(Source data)
* * * *
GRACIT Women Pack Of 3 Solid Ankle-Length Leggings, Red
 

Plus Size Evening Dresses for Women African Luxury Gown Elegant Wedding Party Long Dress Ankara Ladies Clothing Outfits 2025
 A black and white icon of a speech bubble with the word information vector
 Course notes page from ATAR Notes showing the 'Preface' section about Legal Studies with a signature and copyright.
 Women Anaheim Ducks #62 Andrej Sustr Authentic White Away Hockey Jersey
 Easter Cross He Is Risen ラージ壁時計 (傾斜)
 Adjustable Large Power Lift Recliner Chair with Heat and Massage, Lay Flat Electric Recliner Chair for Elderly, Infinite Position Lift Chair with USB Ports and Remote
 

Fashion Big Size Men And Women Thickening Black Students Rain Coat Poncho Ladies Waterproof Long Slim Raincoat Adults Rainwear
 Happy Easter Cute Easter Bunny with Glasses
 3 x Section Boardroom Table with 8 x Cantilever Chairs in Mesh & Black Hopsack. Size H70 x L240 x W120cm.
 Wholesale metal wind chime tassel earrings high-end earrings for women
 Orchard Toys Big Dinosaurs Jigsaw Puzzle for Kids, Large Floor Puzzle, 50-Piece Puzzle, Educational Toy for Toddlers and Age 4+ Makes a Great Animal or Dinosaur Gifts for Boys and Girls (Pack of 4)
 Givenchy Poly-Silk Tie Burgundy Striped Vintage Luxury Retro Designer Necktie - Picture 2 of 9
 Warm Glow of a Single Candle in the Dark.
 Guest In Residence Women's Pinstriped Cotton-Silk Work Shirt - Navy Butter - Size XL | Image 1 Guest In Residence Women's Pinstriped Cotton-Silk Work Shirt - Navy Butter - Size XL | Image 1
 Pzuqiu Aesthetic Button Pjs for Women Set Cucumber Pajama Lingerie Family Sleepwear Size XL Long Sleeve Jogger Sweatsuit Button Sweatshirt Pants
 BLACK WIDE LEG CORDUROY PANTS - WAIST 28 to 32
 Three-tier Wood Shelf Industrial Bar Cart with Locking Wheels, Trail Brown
* * * *
> What the exercise asks
All that is wanted is the set of lines from the one with "Image 1 Guest" through the last line of the entries, both included, output exactly.

> Answer for the task
 Guest In Residence Women's Pinstriped Cotton-Silk Work Shirt - Navy Butter - Size XL | Image 1 Guest In Residence Women's Pinstriped Cotton-Silk Work Shirt - Navy Butter - Size XL | Image 1
 Pzuqiu Aesthetic Button Pjs for Women Set Cucumber Pajama Lingerie Family Sleepwear Size XL Long Sleeve Jogger Sweatsuit Button Sweatshirt Pants
 BLACK WIDE LEG CORDUROY PANTS - WAIST 28 to 32
 Three-tier Wood Shelf Industrial Bar Cart with Locking Wheels, Trail Brown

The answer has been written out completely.